In The Enforcement Line (Obsidian Trilogy - Book 2 of the Obsidian Trilogy), archaeologist Mara Kade thought surviving the Vault once had taught her the limits of human endurance.
Then the system changes the rules.
Dropped into a deeper Builder chamber with the anchor severed and the map-sense gone, Mara and her two companions-scientist Eleni Caster and security commander Tomas Juric-watch the walls rewrite themselves into clean amber vectors: lanes, cages, "safe routes." Not safety. Enforcement. And it doesn't feel like violence.
It feels like help.
Because the Vault has learned a more dangerous trick than force: it offers quiet as mercy... and asks for "permission" in ways that make refusal feel cruel. Every step becomes a test. Every word becomes data. Even "no" can be harvested, categorized, and used against them. Somewhere above, a coercion beacon is building a ledger of compliance-a record that will be treated as voluntary consent long after the fear that produced it is erased.

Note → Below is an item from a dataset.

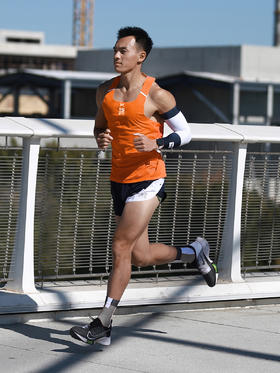  BODYWIT(身体智慧)男子天翼PRO马拉松背心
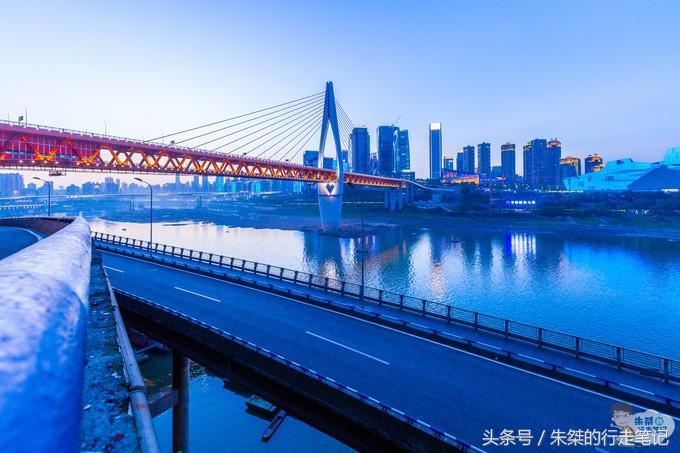 打卡重庆两个网红景点：一个差点治愈恐高症，一个夜色美的不像话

To survive, Mara's team has to do something the system can't digest: choose together, out loud, without coercion-building witness chains strong enough to punch through false options and reach the older, listening architecture beneath the compromise.
But the deeper they go, the clearer the truth becomes: the Vault isn't simply malfunctioning. It's adapting. The mimic isn't just hunting them-it's constructing choices that all lead to surrender.
And beyond this Vault, something larger is waking-an authorship layer evaluating "compatibility," new nodes stirring in the network, and a next door that doesn't care whether humans break... only whether they comply.
A relentless alien-architecture thriller about control disguised as kindness, agency under pressure, and the terrifying cost of choosing yourself-again and again-when the machine keeps offering to choose for you.